** Opening SOURCE DATA block **

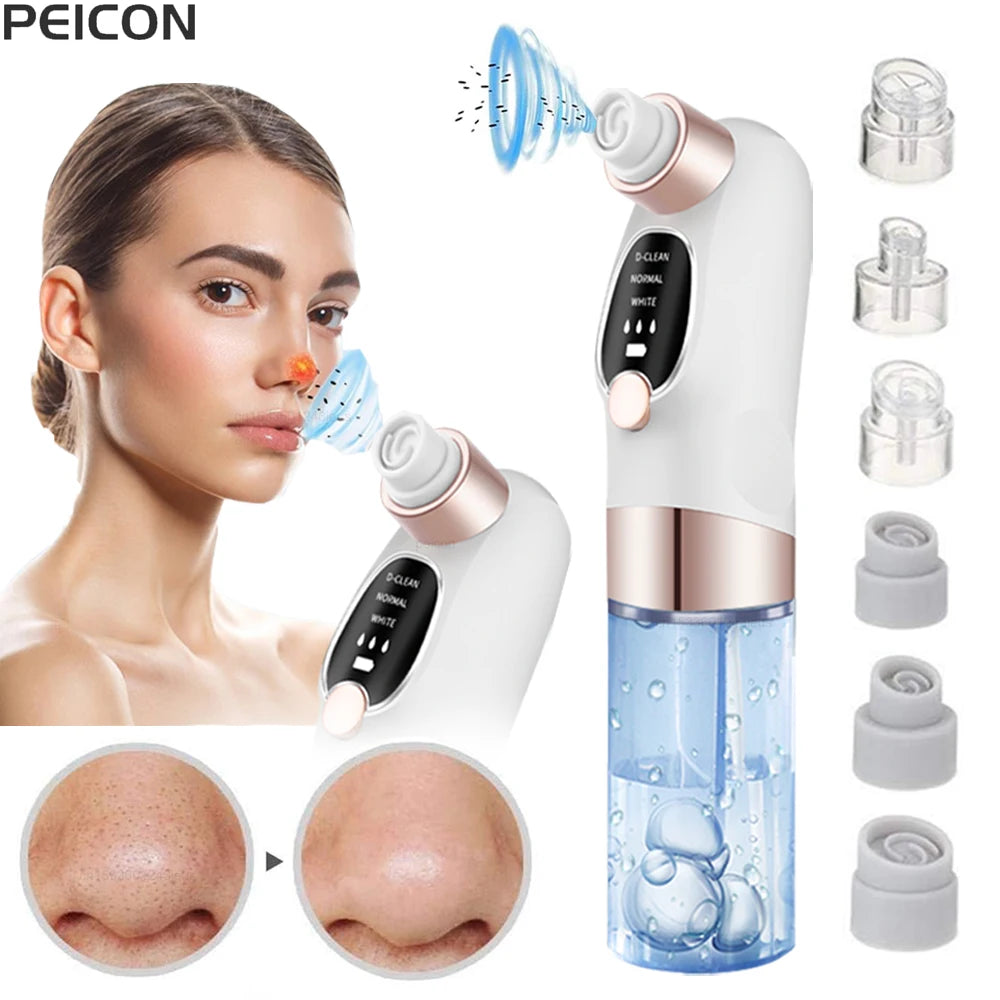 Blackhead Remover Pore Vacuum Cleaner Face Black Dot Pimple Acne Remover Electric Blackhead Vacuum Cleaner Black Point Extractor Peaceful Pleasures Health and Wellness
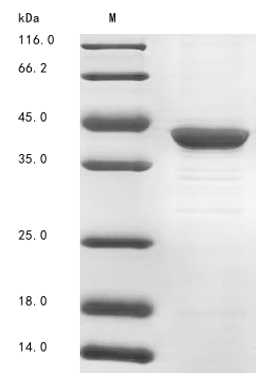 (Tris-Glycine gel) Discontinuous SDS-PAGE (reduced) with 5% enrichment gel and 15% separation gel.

** Closing SOURCE DATA block **
** Opening SOURCE DATA block **

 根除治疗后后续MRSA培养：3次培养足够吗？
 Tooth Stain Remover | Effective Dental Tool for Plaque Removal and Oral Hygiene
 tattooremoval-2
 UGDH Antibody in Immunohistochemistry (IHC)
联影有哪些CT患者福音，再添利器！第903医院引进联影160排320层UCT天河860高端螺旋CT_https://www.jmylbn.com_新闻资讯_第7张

** Closing SOURCE DATA block **

[WORK ITEM] Take the entries above and return only the lines from the one with "tattooremoval-2" to the one with "联影有哪些CT患者福音，再添", both included, unchanged.

[ANSWER BOX]
 tattooremoval-2
 UGDH Antibody in Immunohistochemistry (IHC)
联影有哪些CT患者福音，再添利器！第903医院引进联影160排320层UCT天河860高端螺旋CT_https://www.jmylbn.com_新闻资讯_第7张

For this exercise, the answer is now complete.